But despite everything to do and see in the city, sometimes residents or visitors want a little break from the bustle, so they head to Wisconsin, Indiana, or Michigan, the more chill Midwest neighbors with sand dunes and hiking and unique cities of their own. Of course, there’s more to Illinois than Chicago, including day trips from the city to parks and historic sites. These 12 day trips from Chicago are all easy drives, but they have enough to do you that might consider staying overnight.
Milwaukee, WI: 90 minutes by train, bus, or car
Milwaukee is about a 1.5-hour drive from Chicago, but many Chicagoans prefer to take the Amtrak or Greyhound (no one wants to drive home after indulging in Wisconsin beers). Both also take about an hour and a half and drop you right in the center of Milwaukee. In the city, spend some time in the Historic Third Ward, full of decor and specialty shops, as well as bars and restaurants and the wonderful Milwaukee Public Market, a sampling of the city’s best food vendors and the perfect lunch spot.
The Milwaukee Art Museum is one of the largest in the United States and also has one of the coolest designs, thanks to Spanish architect Santiago Calatrava. There’s also the Harley-Davidson Museum and its display of classic motorcycles, or the Milwaukee County Zoo, a great option for families. Of course, Milwaukee is famous for its baseball team, the Brewers, and for making lots and lots of beer. Tour Miller Brewery, Milwaukee Brewing Company, or Lakefront Brewery, or visit some smaller craft breweries such as Hacienda Beer Co, Eagle Park Brewing, or Third Space Brewing.
Lake Geneva, WI: 2 hours by car
Eighty miles from Chicago and one to two hours of driving, depending on traffic out of the city, the resort town of Lake Geneva is popular for its Gilded Age mansions, boutiques, spas, and golf courses.

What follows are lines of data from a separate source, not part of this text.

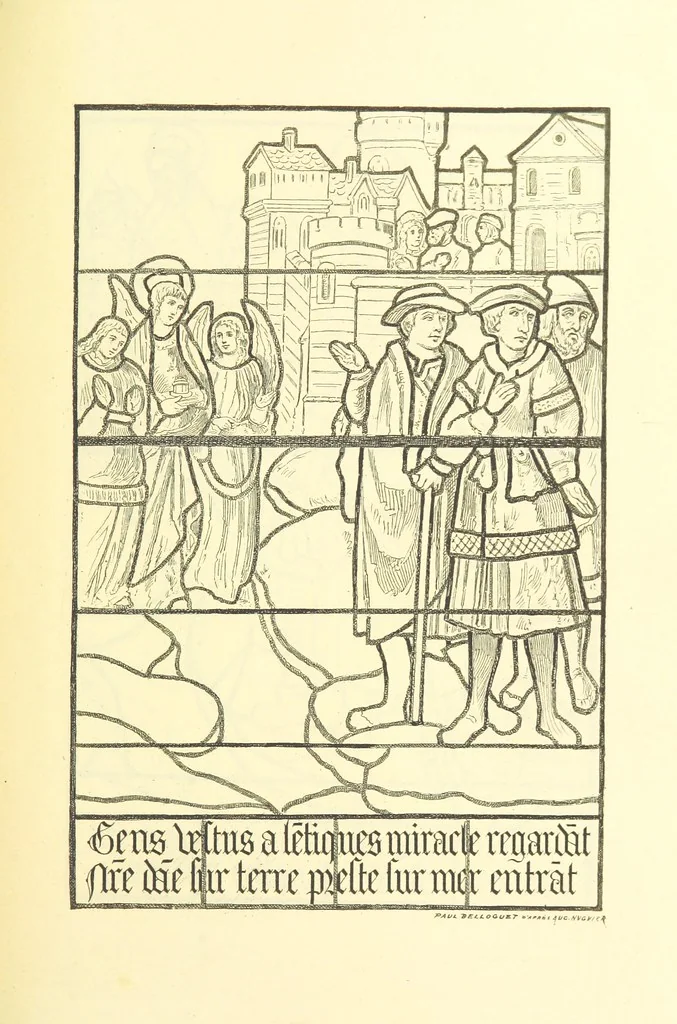 An illustration from Recueil historique du Boulonnais-notices, articles, éphémérides-1845-1893. Annoté, documenté et illustré par A. de Rosny, 1897, leaf 459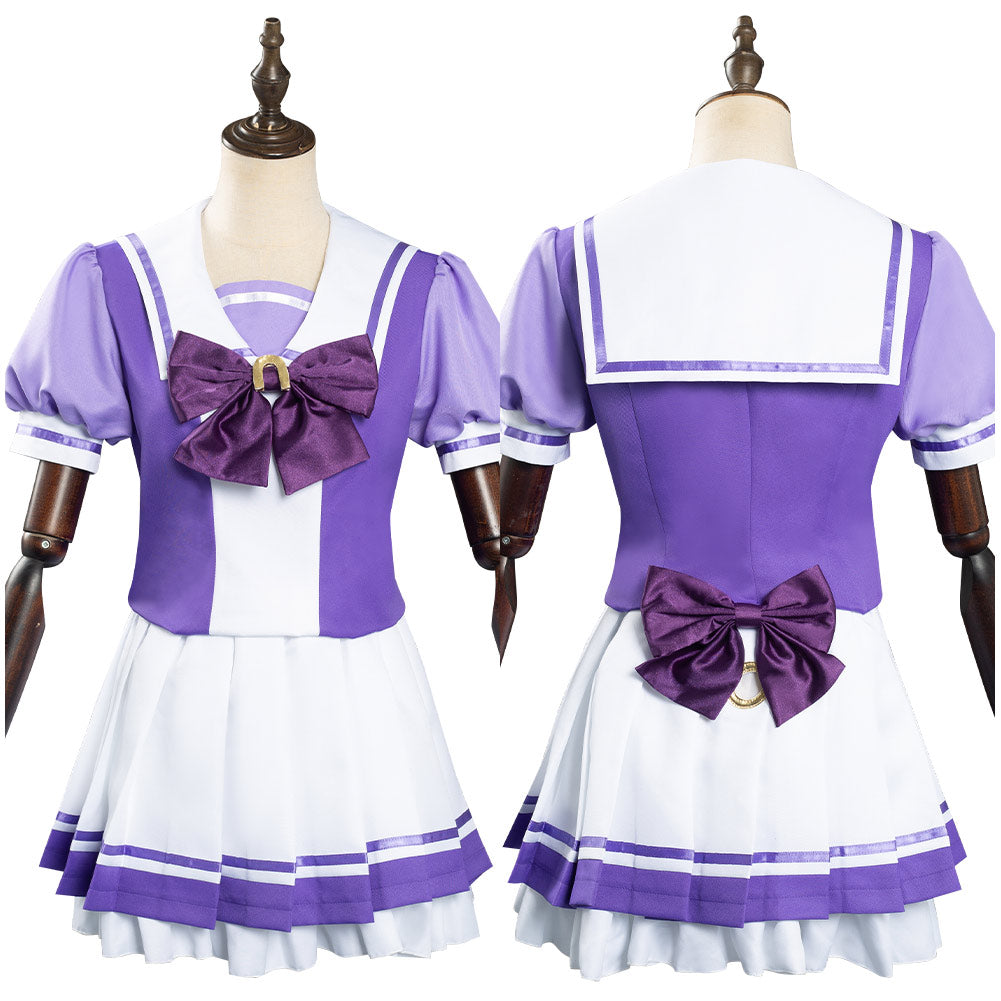 Anime Pretty Derby Halloween Carnival Suit Cosplay Costume School Uniform Dresses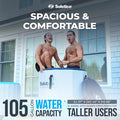  Solstice Original Inflatable 100 Gallon Cold Plunge Ice Bath Tub Standing Recovery Barrel Pod With Steps And Lid For Indoor Or Outdoor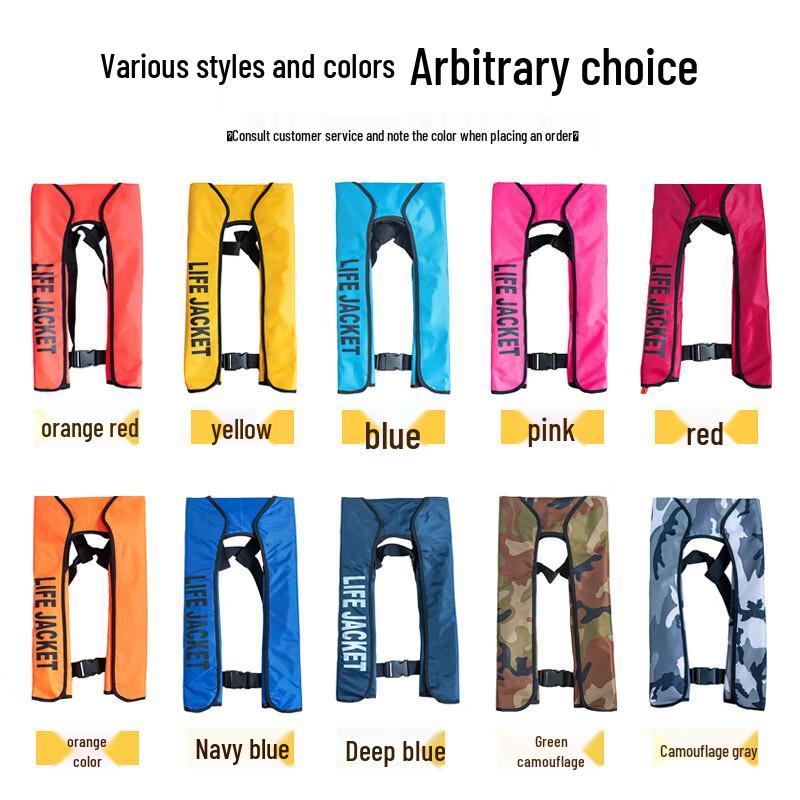 BAIZHOU Portable Inflatable Adult Life Vest Manual without Air Cylinder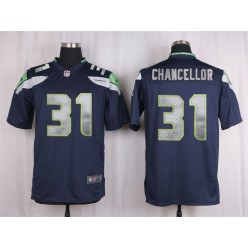 Seattle Seahawks #31 Kam Chancellor Navy Blue Game Nike NFL Men Jersey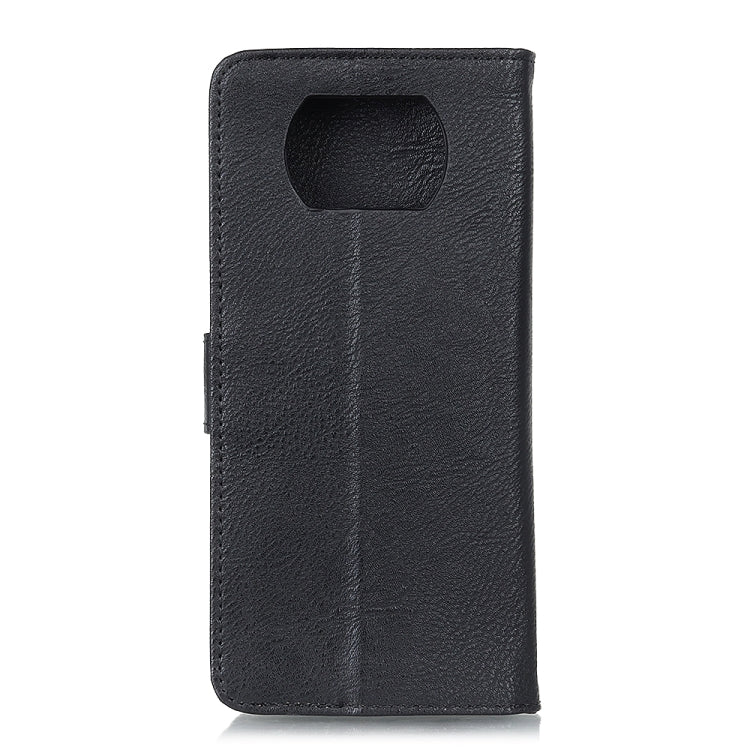 For Xiaomi Poco X3 NFC KHAZNEH Cowhide Texture Horizontal Flip Leather Case with Holder & Card Slots & Wallet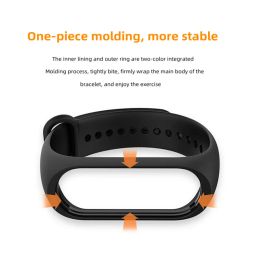 Replacement Bracelet for Xiaomi Mi Band 3 4 5 6 7 Strap Silicone Wrist Strap for Miband 3 4 5 6 Wriststrap Smart Watch Band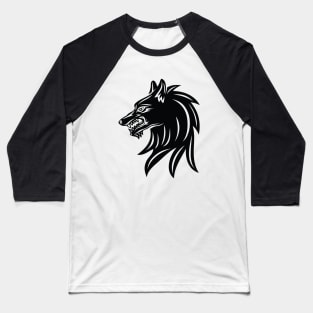 Wolf Head Baseball T-Shirt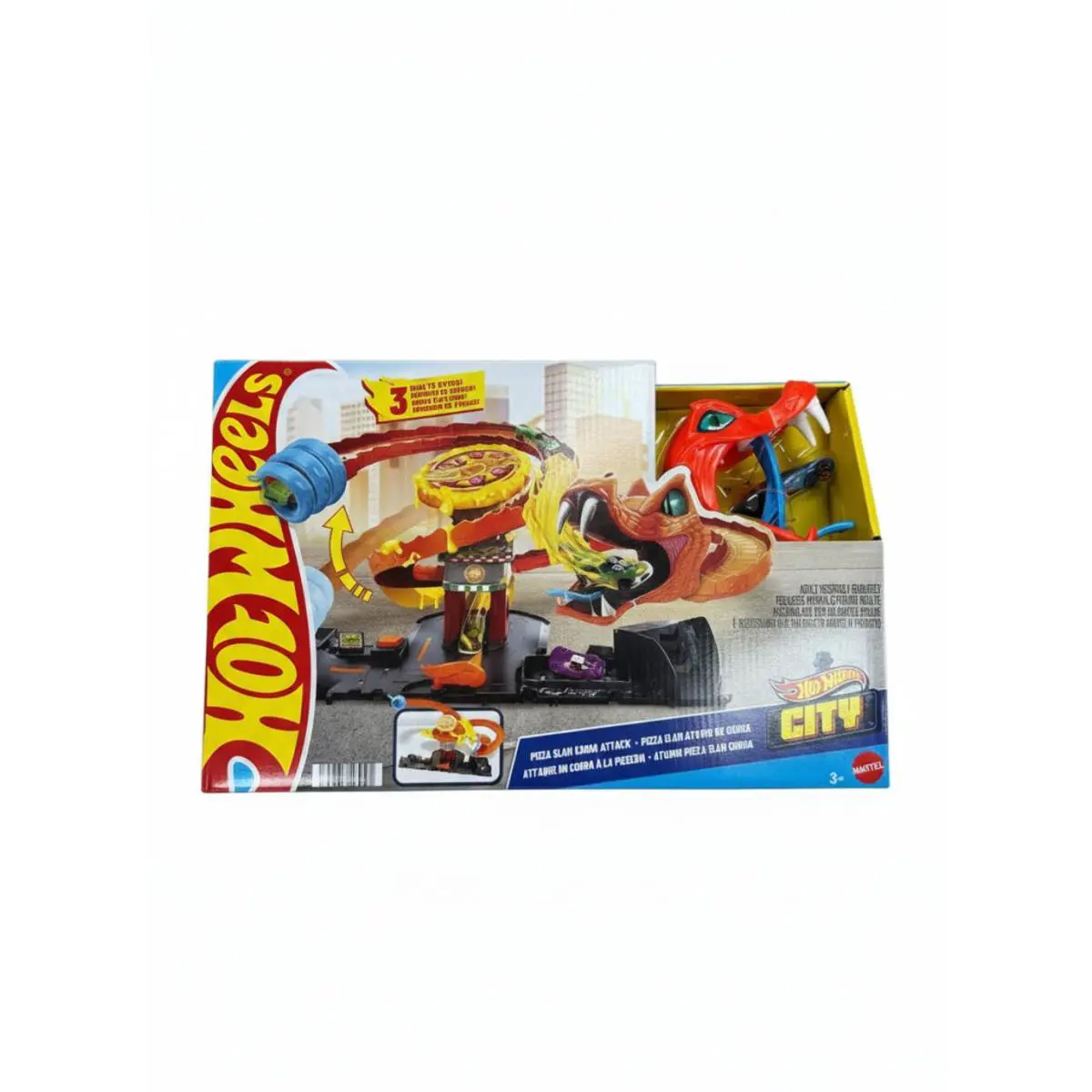 Mattel Hot Wheels City Pizza Slam Cobra Attack HTN81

After the Civil War, wealthy Chicagoans started building mansions around Lake Geneva as summer homes. Many of them still exist today and can be seen via boat tours or on a walk along the Geneva Lake Shore Path. The 21-mile trail was originally used by the Potowatami tribe and later became a path for laborers working on the estates. Today, it’s a walking path open to the public, even as it goes right through some of the gardens of the estates. The Lake Geneva Public Library and Big Foot Beach State Park are popular starting points.
Visit the Yerkes Observatory, known as the birthplace of modern astrophysics and operated by the University of Chicago Department of Astronomy and Astrophysics. A highlight is the 90-foot domed telescope, which, when visited at night, gives off a spectacular star show.
Downtown, shop at galleries and antique shops such as Estate Art & Collectibles and sample local beers at Topsy Turvy Brewery, housed in a former cathedral. If you’re here for the golfing and spas, the AAA Four Diamond Grand Geneva Resort & Spa is the place to be with its two championship golf courses and high-end spa services.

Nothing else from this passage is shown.